▶ Data segment
- Opening Delimiter -

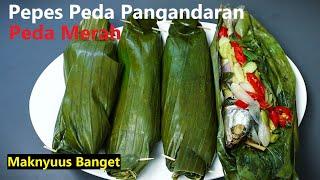 Pepes Peda Pete Pangandaran yang bikin makan tambah nikmat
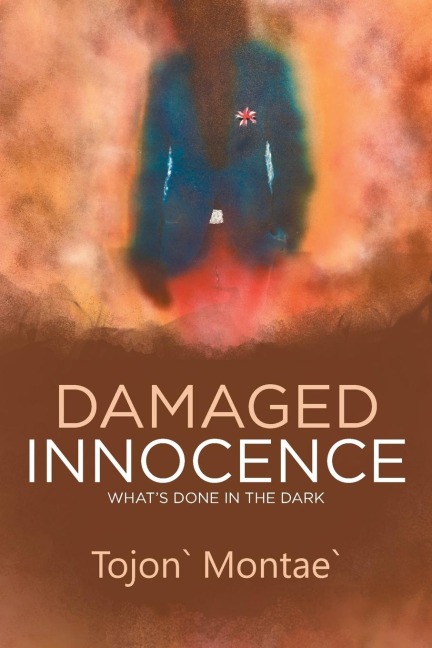 Damaged Innocence: (Whats Done In The Dark)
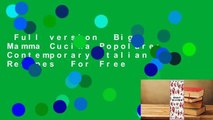 Full version  Big Mamma Cucina Popolare: Contemporary Italian Recipes  For Free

- Closing Delimiter -

▶ Activity
No pictures belong in the output. It should reproduce exactly the lines from the one containing "Damaged Innocence: (Whats Done In The Dark)" through the end of the data, both ends included.

▶ Problem solution
 Damaged Innocence: (Whats Done In The Dark)
 Full version  Big Mamma Cucina Popolare: Contemporary Italian Recipes  For Free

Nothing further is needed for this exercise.